A common surprise.  The science of algorithms (including empirical testing)
gives real benefits.

> -- 
os.path.commonprefix --------------------------------------------------
>
> def f1(m):
>     "Given a list of pathnames, returns the longest common leading
> component"
>     if not m: return ''
>     prefix = m[0]

    prefix = m.pop() # avoids comparing prefix to itself as first item

>     for item in m:
>         for i in range(len(prefix)):
>             if prefix[:i+1] != item[:i+1]:

I am 99% sure that above is a typo and performance bug that should read
             if prefix[i:i+1] != item[i:i+1]:
since all previous chars have been found equal in previous iteration.

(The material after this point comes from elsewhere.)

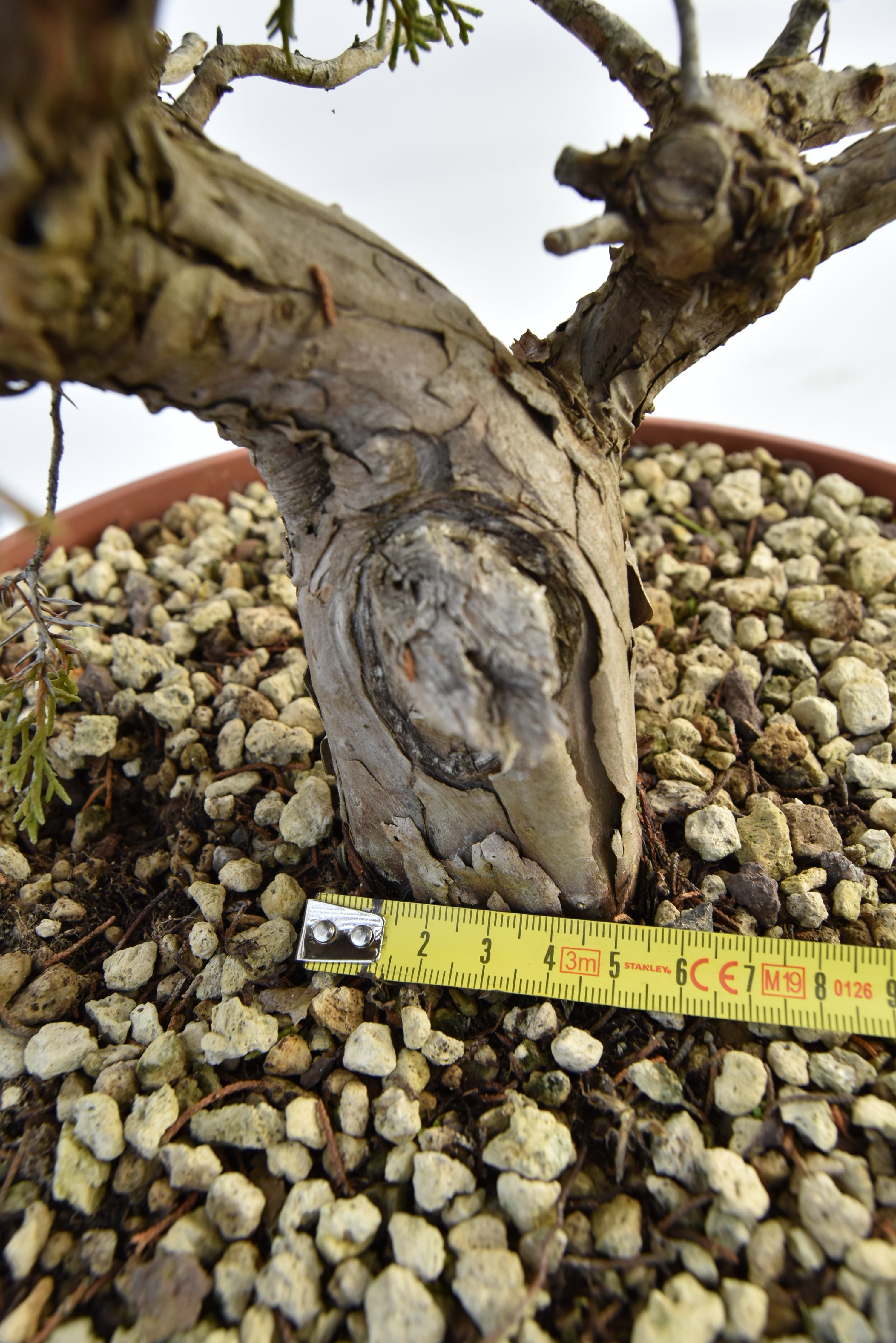 Ginepro Itoigawa €380 | La Gemma del bonsai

>                 prefix = prefix[:i]
>                 if i == 0:
>                     return ''
>                 break
>     return prefix

Perhaps you could retest this with the two suggested changes.  It will be
somewhat faster.

> The problem with this algorithm is the copying of all those small
strings.

Since Python does not have pointers, comparing characters within strings
requires pulling out the chars as separate strings.  This is why using
C-coded comparison functions may win even though more comparisons are done.

The reason f1uses slicing (of len 1 after my correction) instead of
indexing is to avoid exceptions when len(item) < len(prefix).  However, all
the +1s have a cost (and I suspect slicing does also), so it may pay to
truncate prefix to the length of item first.  The simplest fix for this
(untested) gives

def f9(m): # modified f1 == os.path.commonprefix
    "Given a list of strings, returns the longest common prefix"
    if not m: return ''
    prefix = m.pop()
    for item in m:
        prefix = prefix[:len(item)]
        for i in range(len(prefix)):
            if prefix[i] != item[i]:
                if not i:            return ''
                prefix = prefix[:i]
                break
    return prefix

> This can be easily fixed
> --- optimized
os.path.commonprefix ----------------------------------------
>
> def f2(m):
>     "Given a list of pathnames, returns the longest common leading
> component"
>     if not m: return ''
>     if len(m) == 1: return m[0]
>     prefix = m[0]
>     for i in xrange(len(prefix)):
>         for item in m[1:]:
>             if prefix[i] != item[i]:
>                 return prefix[:i]
>     return prefix[:i]

and easily messed up;-)  If len(item) < len(prefix), item[i] throws
exception.  For this approach to work, prefix should be set as shortest
string of m in preliminary loop.  Also, you reslice m several times.  Do it
once before outer loop.

> It is just not nessesary to compare all strings in the list.

Every string has to be compared to something at least once.

> It is enough to sort the list first
> and then compare the first and the last element.

Sorting compares all strings in the list to something at least once, and
most more than once.

> Even though the 'sort' algorithm is coded in C and is therefore quite
fast,
> the order of runtime has changed.

The C part is what makes f3 faster.  In your timings, 128 is not large
enough for the nlogn component to be noticeable.

> Michael Dyck then pointed out that instead of using 'sort', 'min' and
'max'
> should be used. While tests suggest that this is true, I have no idea why
> that should be, since finding a minimum or maximum uses some sorting
anyway

No.  max and min each do a linear scan.  No sorting.  But each does at
least as many character comparisons as modified f1 or f2.  The speedup is
from looping and comparing in C, even though at least twice as many
compares are done.

> You might have realized that the optimization so far was done one the
number
> of strings. There is still another dimension to optimize in and that is
the
> actual string comparing.
> Raymond Hettinger suggests using a binary search:

Since this only affects the final comparison of min and max, and not the n
comparisons done to calculate each, the effect is minimal and constant,
independent of number of strings.

Since this compares slices rather than chars in each loop, I wonder whether
this is really faster than linear scan anyway.  I would like to see timing
of f5 with min/max of f4 combined with linear scan of f3.  (Basically, f3
with sort removed and min/max added.)  Since you changed two parts of f3 to
get f4, we cannot be sure that both changes are each an improvement even
though the combination of two is.

def f5(seq):
    if not seq: return ''
    s1 = min(seq)
    s2 = max(seq)
    n = min(len(s1), len(s2))
    if not n: return '' # not required since s1[0:0] == ''
    for i in xrange(n) :
        if s1[i] != s2[i] :
            return s1[0:i]
    return s1[0:n]

Terry J. Reedy